__REQUIREMENT__
Pictures are not part of the copy; reproduce the remaining data exactly.

__RAW DATA__
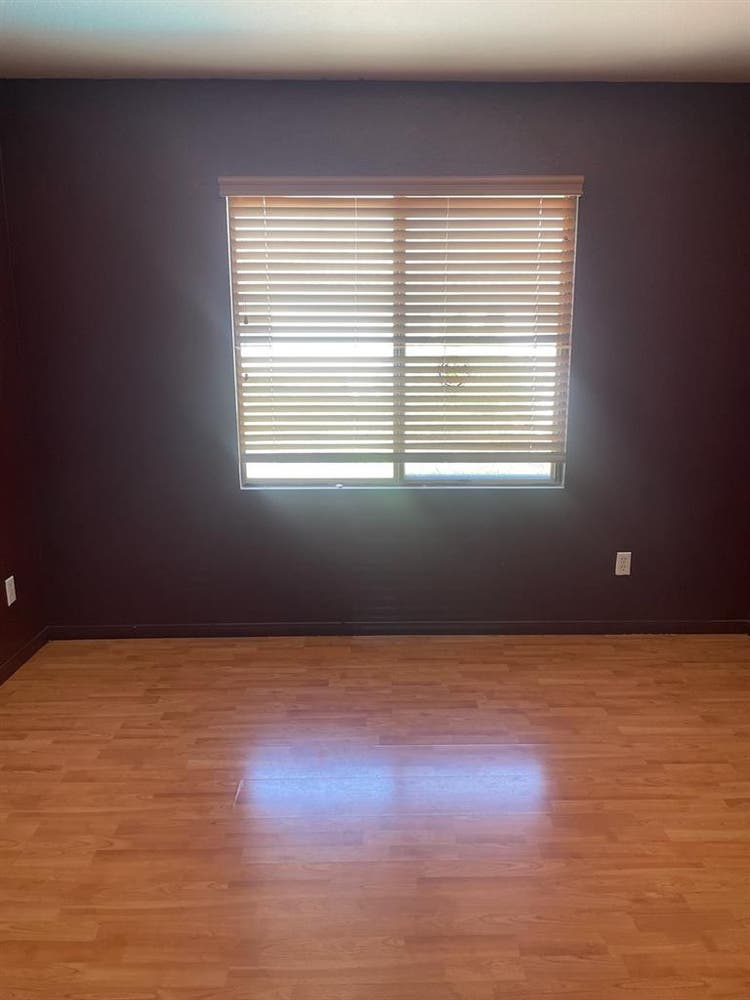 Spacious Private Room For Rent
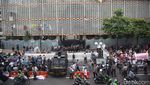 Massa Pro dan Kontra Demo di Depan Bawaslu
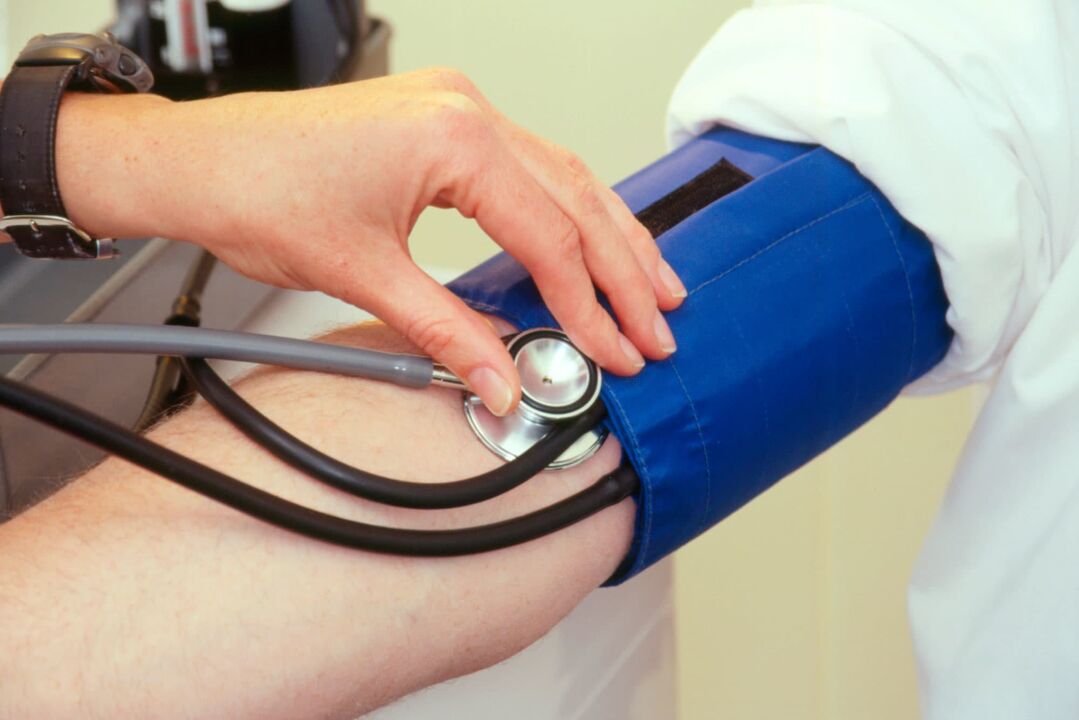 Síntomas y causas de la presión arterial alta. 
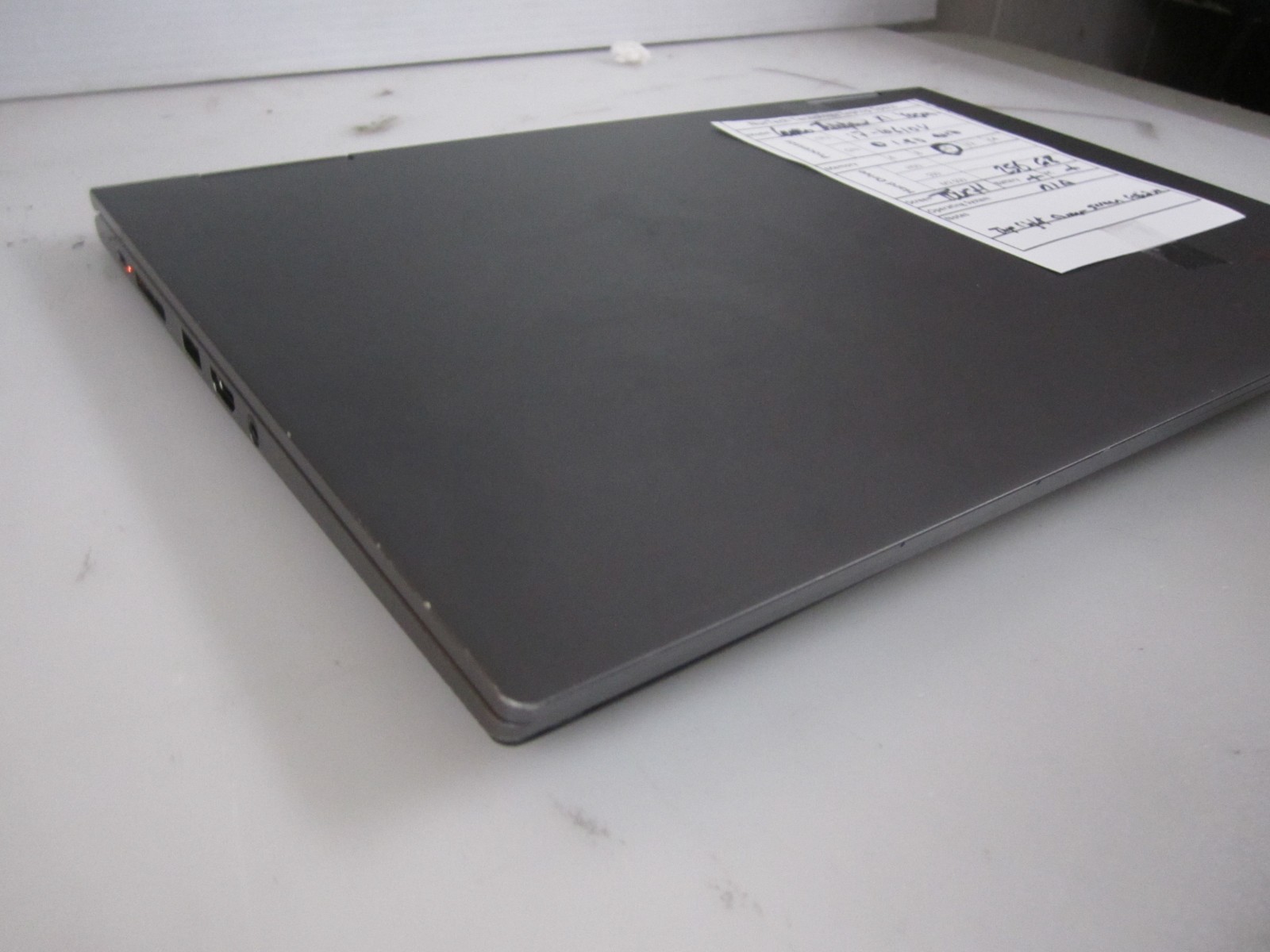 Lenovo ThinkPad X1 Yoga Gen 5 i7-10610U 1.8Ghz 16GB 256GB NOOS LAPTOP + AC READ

__OUTPUT__
 Spacious Private Room For Rent
 Massa Pro dan Kontra Demo di Depan Bawaslu
 Síntomas y causas de la presión arterial alta. 
 Lenovo ThinkPad X1 Yoga Gen 5 i7-10610U 1.8Ghz 16GB 256GB NOOS LAPTOP + AC READ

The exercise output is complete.